Tuesday, February 19, 2008

Brushed Gesso Technique (Port of Sacramento en plein air...kinda)



Before I painted on this 8"x10" canvas, I heavily gessoed over the previous painting. This quickie sketch started out en plein air and was completed in my studio from a photo I snapped. I like the motion one gets from the gesso brush marks that underlay the painting. And when you lightly drag a brush over these marks, they pick up the paint on the top ridges while leaving the previously painted area in the valleys untouched. This can make for a nice effect. The second painting has been wiped with a towel with a little light yellow paint on it. I once read about a Canadian artist that wipes his paintings with a light hue to unify the image. So I tried it. Nothing ventured, nothing gained!

14 comments:

Ed Terpening said...

I've started to paint over old paintings to save money, after a light sanding. I love it! I leave little bits of the old painting show here and there--creates lots of "happy accidents".

David Lobenberg said...

Have you posted any yet? Would love to see them, Ed. I'm hoping to post some more gessoed over paintings soon. Hey, why have a bunch of rejects lying around when you can paint over them?!

Mary Sheehan Winn said...

I thought you couldn't do that. Just goes to show there are no rules.
I particularly like industrial sites. Also, Trevor Chamberlain uses the heavily gessoed surface which really adds to the picture for me. In fact, I just gessoed over some prepared boards I bought to get more texture.

Bill Sharp said...

This is another interesting one. As in the water tower painting, I like the slight fisheye perspective and the strong abstract foreground is a great contrast to the building which is so close in value to the sky (almost gives it a feeling of an apparition).

I think that brush strokes underneath a painting surface can be distracting when they're obviously not related to the image. Kind of like those cheap reproductions made to look like paintings by printing on brush-stroke embossed material. In this case, though, I think it's effective. It kind of relates to the high contrast shadows.

I used to do mixed media pastel paintings on paper that I prepared by coating it with plaster and let it crack and peel away in places as I painted. They were pretty fragile but I like the accidents that were forced by working this way.

David Peterson said...

David,
That's nice. You left out the water, and I like that. The unifying wash works but I don't think this one needed it. I have done watercolor on gessoed paper with the same brush mark effect, then put a colored tranparent acrylic wash over all that.
Keep it up!
David

David Lobenberg said...

Mary: Have fun painting over your gessoed boards. I think art buyers really appreciate that texture.

David Lobenberg said...

You are right Bill. This textured gesso business has the potential of becoming gimmicky.

David Lobenberg said...

Hey David: The water color you did this last Saturday out at the port REALLY ROCKS! Wasn't the exercise we got great?!

chubirka said...

nifty technique, do you gesso over oil when reusing a canvas? and with the light color wash, is that in oil?

David Lobenberg said...

Chubirka: Thank you for visiting!
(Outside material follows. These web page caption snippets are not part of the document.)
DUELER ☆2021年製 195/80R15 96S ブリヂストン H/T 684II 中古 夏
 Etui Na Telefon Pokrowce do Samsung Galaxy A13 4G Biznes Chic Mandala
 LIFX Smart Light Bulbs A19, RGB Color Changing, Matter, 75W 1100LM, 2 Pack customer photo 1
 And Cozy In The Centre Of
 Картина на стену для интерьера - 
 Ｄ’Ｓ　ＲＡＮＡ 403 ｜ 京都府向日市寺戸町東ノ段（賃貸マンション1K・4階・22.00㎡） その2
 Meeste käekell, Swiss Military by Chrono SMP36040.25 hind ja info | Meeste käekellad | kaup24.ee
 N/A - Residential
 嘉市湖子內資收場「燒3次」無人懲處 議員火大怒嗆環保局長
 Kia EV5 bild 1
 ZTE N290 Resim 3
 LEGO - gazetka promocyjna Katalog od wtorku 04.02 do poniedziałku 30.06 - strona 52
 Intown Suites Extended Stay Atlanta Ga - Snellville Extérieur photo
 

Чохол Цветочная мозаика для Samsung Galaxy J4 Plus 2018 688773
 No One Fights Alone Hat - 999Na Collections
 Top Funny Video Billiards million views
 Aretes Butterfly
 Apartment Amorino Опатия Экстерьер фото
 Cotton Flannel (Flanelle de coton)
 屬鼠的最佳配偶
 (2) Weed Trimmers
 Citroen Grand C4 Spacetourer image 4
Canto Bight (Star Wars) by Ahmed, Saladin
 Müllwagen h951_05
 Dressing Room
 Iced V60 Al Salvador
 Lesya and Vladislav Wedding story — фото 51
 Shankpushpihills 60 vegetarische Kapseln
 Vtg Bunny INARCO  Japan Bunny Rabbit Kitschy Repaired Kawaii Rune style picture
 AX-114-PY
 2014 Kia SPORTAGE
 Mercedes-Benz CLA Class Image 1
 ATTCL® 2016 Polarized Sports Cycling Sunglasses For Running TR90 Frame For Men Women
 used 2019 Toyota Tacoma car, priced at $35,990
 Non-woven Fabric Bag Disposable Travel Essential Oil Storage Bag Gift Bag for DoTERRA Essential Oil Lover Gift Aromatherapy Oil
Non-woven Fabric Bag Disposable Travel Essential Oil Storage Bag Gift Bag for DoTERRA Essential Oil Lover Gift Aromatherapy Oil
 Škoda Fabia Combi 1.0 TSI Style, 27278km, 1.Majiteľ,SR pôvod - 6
My work is in acrylic, but I know that what I'm doing here works in oil as well. So yes, I gesso over old acrylic paintings so I not only get texture with the brush sweeps as I'm applying the gesso but a little bit of texture from the previous painting. At the very end, I take a rag with some yellow paint on it and rubbed it over the entire painting. I used some acrylic medium to dilute the yellow and keep it transparent. I suppose that in oil, you would add some turp.

chubirka said...

David,
Thanks for the clarification/info...

Only thing is you would not want to use turp for an oil wash/glaze at the end or you would dissolve the paint below.

Fat over lean... :)

David Lobenberg said...

Chubirka: Shows you what I know about oil painting...not much! I'll leave oil discussions up to the experts such as yourself. Come to think about it, what would you use to apply a thin, transparent wash over an oil painting?

chubirka said...

I would use an oil glaze... a little paint mixed with the oil medium of your choice (pale drying). check out my Grisaille post.

I work in acrylics too, and was happy to see how you did that. It looks really rich. Glad you took the risk...

David Lobenberg said...

Thanks, Chirburka, for setting me straight on that. I'll check your Grisaille post.